Once a great Basilica, it was trashed in the Revolution, then converted into a museum of France's great men.  Louis XV restored it's use as a church and the Republic returned it to it's present status as the resting place of France's great.  Entombed here are such luminaries as Voltaire, Rousseau, the Curies and innumerable generals.  Foucault's Pendulum, much anticipated by Paul, is displayed here but was closed for repairs?  A wire and a weight?

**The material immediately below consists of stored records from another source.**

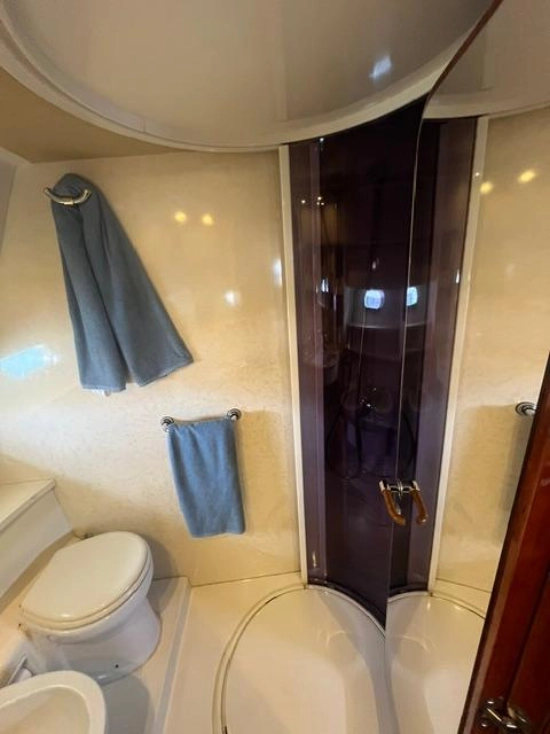 Ferretti 53 ANIVERSARIO usado à venda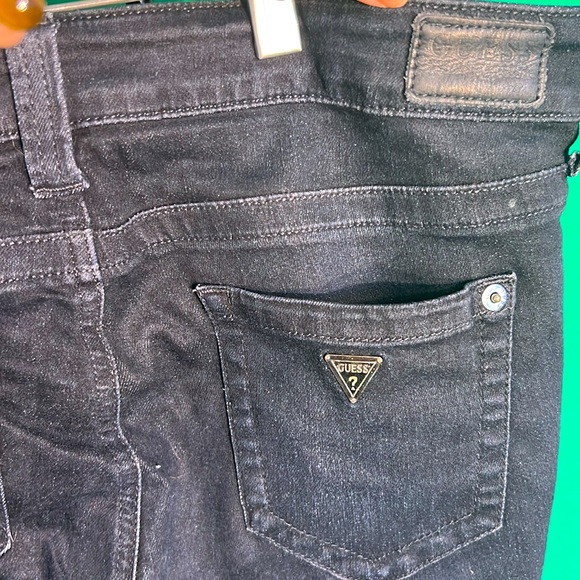 Size 29 Guess Skinny Jeans with Long Golden Zipper Back Legs - Picture 13 of 14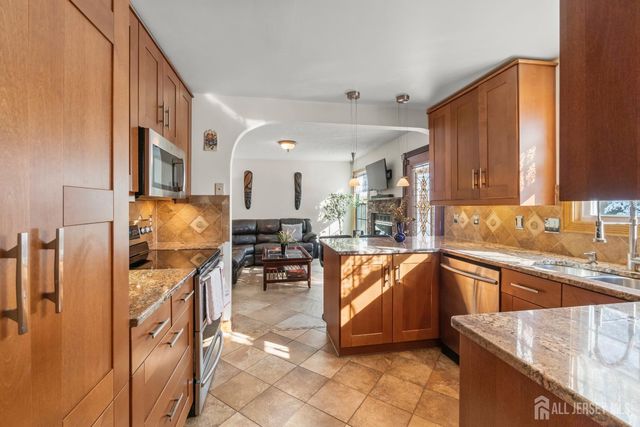 18 Tall Oaks Court, Old Bridge, NJ 08857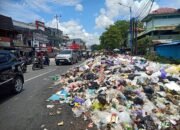 Tumpukan Sampah di Kuripan Disorot, DLH Janji Selesaikan Hari Ini 17 Tumpukan Sampah di Kuripan Disorot, DLH Janji Selesaikan Hari Ini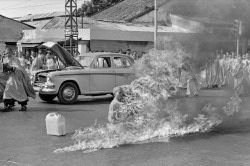 Hòa thượng Thích Quảng Đức, est un bonze vietnamien, célèbre pour s'être immolé par le feu le 11 juin 1963 à Saïgon (Hồ Chí Minh) , en signe de protestation contre la répression anti-bouddhiste ordonnée par le président catholique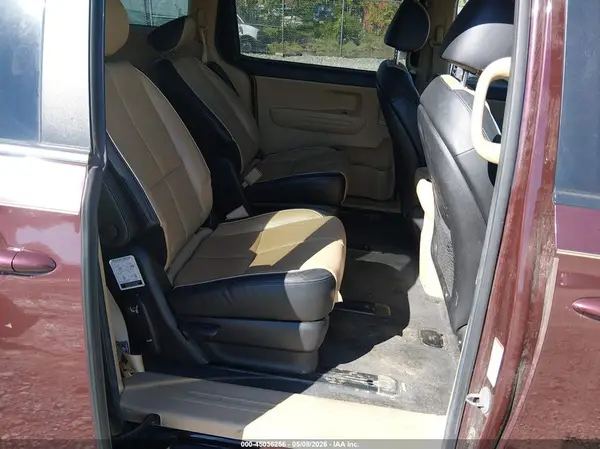 KNDMB5C13G6209852 2016 KIA SEDONA - Image 8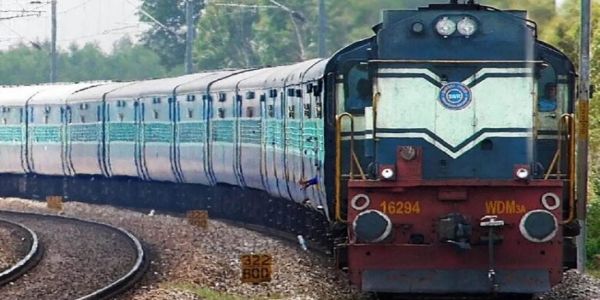 আসানসোল বিভাগের উপর ট্র্যাক রক্ষণাবেক্ষণে ট্রেনের নিয়ন্ত্রণ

Then back through several Metros to the Gare de Lyon and home just before the rush hour hit its stride, tired but happy.   Turns out the oddly painted house across the street from our hotel is a shrine to the painter Eugene Delacroix.  There's something famous everywhere you look.

Rodin Museum and gardens

Rodin's Balzac

The Thinker

The Burghers of Calais

The Kiss

The Gates of Hell

Statue of Mary Stuart in Luxembourg Gardens

Luxembourg Gardens

Pond in the Gardens

The Senate (formerly Luxembourg Palace) from the gardens

Pantheon interior

Pantheon exterior, under repairs of course

Rousseau's tomb in the Pantheon crypt

Voltaire's tomb

Marie and Pierre Curie

Eugene Delacroix birthplace and museum

1 comment:

  1. Fond memories of my visit to Paris when Lee lived there..... What a great city! Thanks for jarring my memory with these fabulous snapshots.